A cette lecture de Fuentes de la Conquête espagnole et de ses effets jusqu’à nous, il convient de mettre en vis-à-vis les travaux, en France, de l’historien et anthropologue Nathan Watchez, avec son maître-livre, La Vision des vaincus, sous-titré Les Indiens du Pérou devant la conquête espagnole (Gallimard, 1971), qui décrit, récits indiens des temps funestes et archives espagnoles à l’appui, la destructuration totale d’un monde devenu brutalement absurde pour des millions de sujets réduits en esclavage, rendus étrangers à eux-mêmes et à l’univers symbolique et mental qui était le leur. Traumatisme historique qui perdure encore, ritualisé dans les fêtes des morts que sont les représentations populaires, venues du fond de cinq siècles d’acculturation forcée, qui mettent en scène la lutte fatale et désespérée entre Indiens et conquérants espagnols ivres d’or et de sang, telles qu’au Pérou, l’empereur Inca assassiné par Pizarre, au Guatemala, La Danse de la Conquête, ou encore La Danse des plumes, au Mexique.

Voici, non moins représentatifs de la douleur indienne, deux extraits d’un manuscrit maya du Yucatan, rédigé en lettres latines au cours des deux premiers siècles de la Conquête espagnole, Le Livre de Chilam Balam de Chumayel:

« Faux sont leurs rois, tyrans sur leurs trônes, avares de leurs fleurs. (…)
Frappeurs de jours, offenseurs de nuit, meurtrisseurs du monde !
Tordue est leur gorge, mi-fermés leurs yeux, nonchalante est la bouche du roi de leur pays.  Il n’y a pas de vérité dans les paroles des étrangers. »

« C’est seulement à cause du temps fou, à cause des sacerdoces fous que la tristesse est entrée en nous, que le christianisme est entré en nous. Parce que les très chrétiens sont arrivés ici avec le véritable dieu. Mais ce fut le commencement de notre misère, le commencement du tribut, le commencement de l’aumône, la cause de la misère d’où est sortie la discorde occulte, le commencement des rixes avec les armes à feu, le commencement des offenses, le commencement de la spoliation, le commencement de l’esclavage par les dettes collées aux épaules, le commencement de la bagarre continuelle, le commencement de la souffrance. »

L’AMÉRIQUE : UN CONTINENT ET SON HISTOIRE – par Carlos Fuentes

Sous le signe de l’Utopie (RdJ, n°8, septembre 1992)

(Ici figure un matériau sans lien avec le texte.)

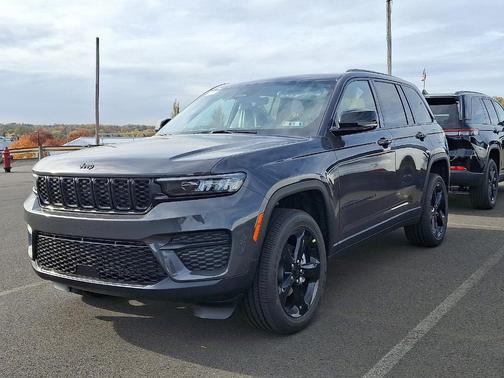 2025 Jeep Grand Cherokee Laredo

La Renaissance relança pour tous les Européens le problème des possibilités politiques de la communauté chrétienne. Elle posa à nouveau le thème de la cité de l’homme, effacé durant le Moyen Âge par l’importance accordée à la Cité de Dieu. Et donc, la Renaissance posa les deux questions suivantes : comment la société humaine doit-elle s’organiser ?, existe-t-il un espace où le  projet divin et le projet humain puissent être harmonieusement réunis ? Thomas More, l’auteur de L’Utopie (1516), répond dans le titre même de son œuvre qu’un tel lieu n’existe pas. U-Topos signifie nulle part. Mais l’imagination européenne répondit très vite : maintenant, oui, ce lieu existe. Il s’appelle l’Amérique.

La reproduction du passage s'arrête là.